= Gaius Cornelius Cethegus (conspirator) =

Roman politician

Gaius Cornelius Cethegus (died 63 BC) was a Roman senator and politician who participated in the second Catilinarian conspiracy of June 64 BC.

==Life==
Despite coming from the illustrious Cornelia gens, he had a mediocre political career.

Like many other youthful profligates, he joined Catiline's conspiracy in the hope of getting his debts cancelled. When Catiline left Rome in 63 BC, Cethegus remained behind as leader of the conspirators with Publius Cornelius Lentulus Sura.

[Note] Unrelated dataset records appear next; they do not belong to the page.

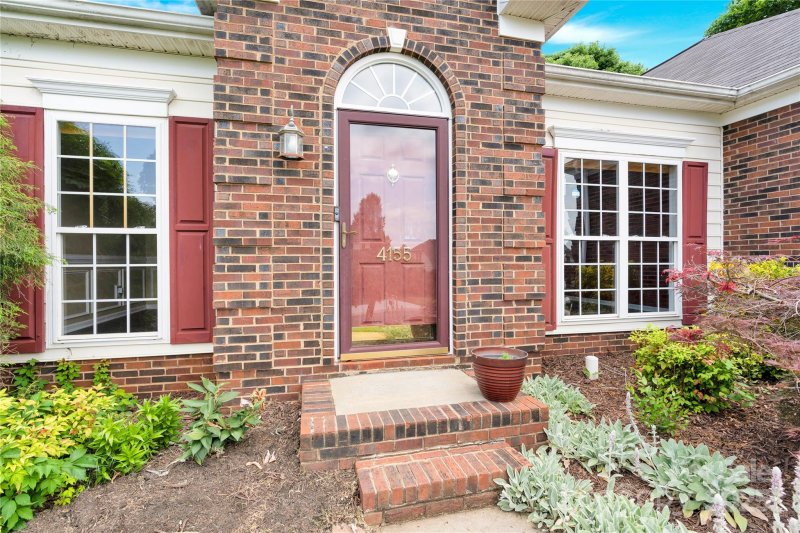 Oak Park, Concord Community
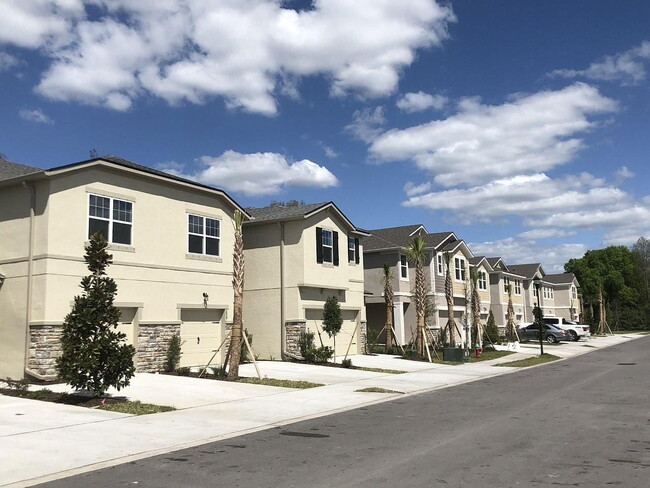 Primary Photo - 6117 Grand Sonata Ave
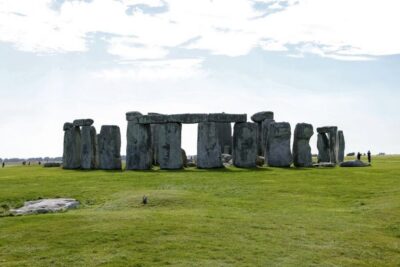 Windsor, Oxford & Stonehenge Full-Day Trip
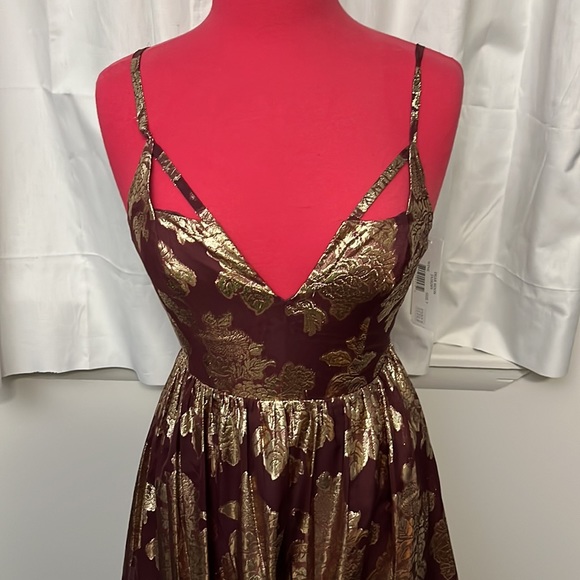 NWT Prom/Formal Maroon and Gold Floral Floor Length Gown - Picture 3 of 10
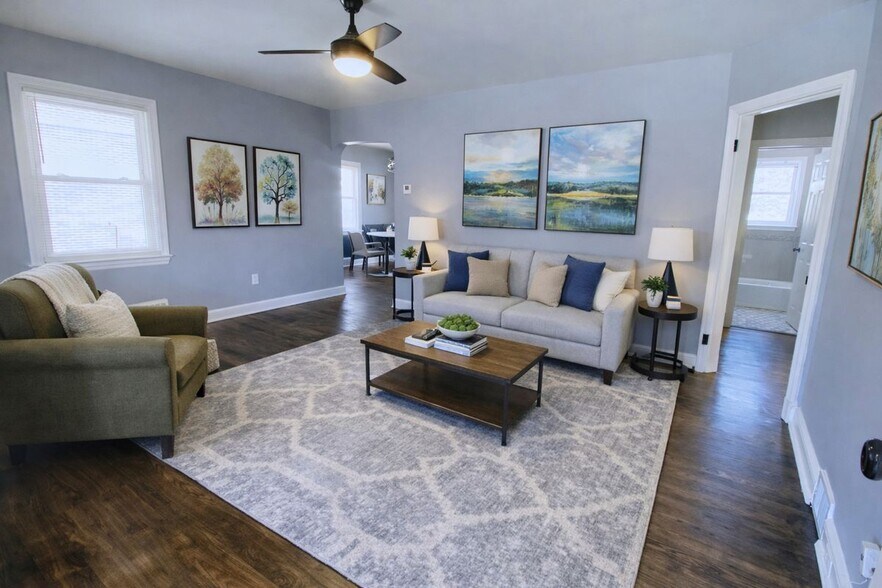 Building Photo - 9407 Colesville Rd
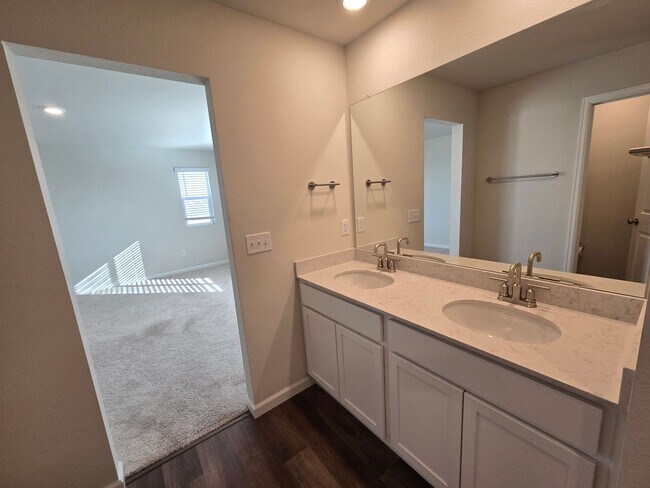 Building Photo - Like new 3 bedroom 2.5 bath with loft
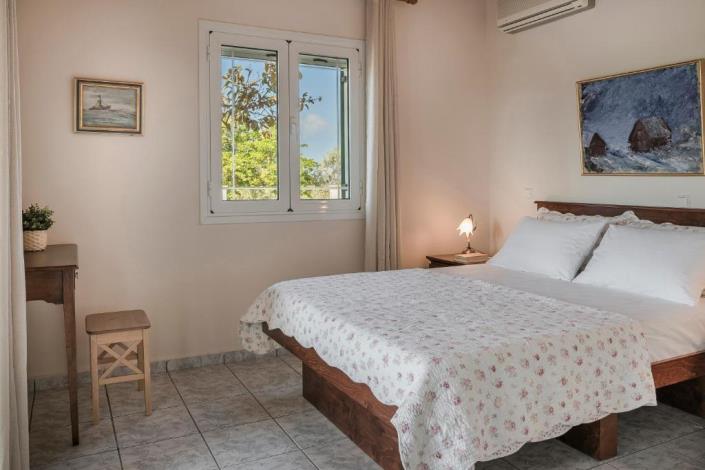 Image No.8-Villa de 2 chambres à vendre à Svoronata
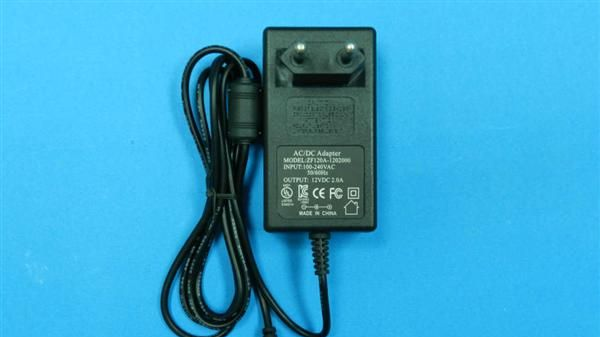 供应电源适配器12V/2A（IC方案）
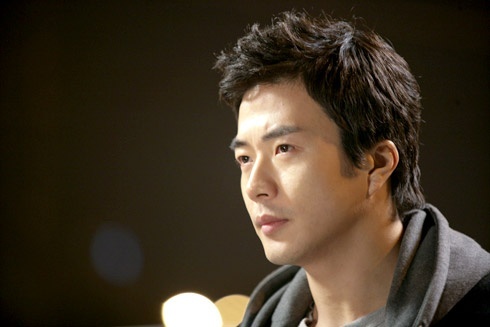 Kwon Sang Woo to Ride Jackie Chan’s Private Jet to Attend Cannes Film Festival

He himself undertook to murder Cicero and other prominent men, but was hampered by the dilatoriness of Sura, whose age and rank entitled him to the chief consideration.

On 3 December 63 BC, the consul Cicero made public several letters from the conspirators inciting the Gallic Allobroges to revolt. One of these had been written and signed by Cethegus, implicating him beyond doubt. He was arrested and moved to the Temple of Concord, then put under house arrest in the home of a trusted senator, Quintus Cornificius. Cicero's allies discovered a cache of swords and daggers in Cethegus' house meant for the conspirators' use. A debate in the Senate as to whether to execute the conspirators ended in the decision to do so; and Cethegus and the others were strangled in the Tullianum prison on 4 December.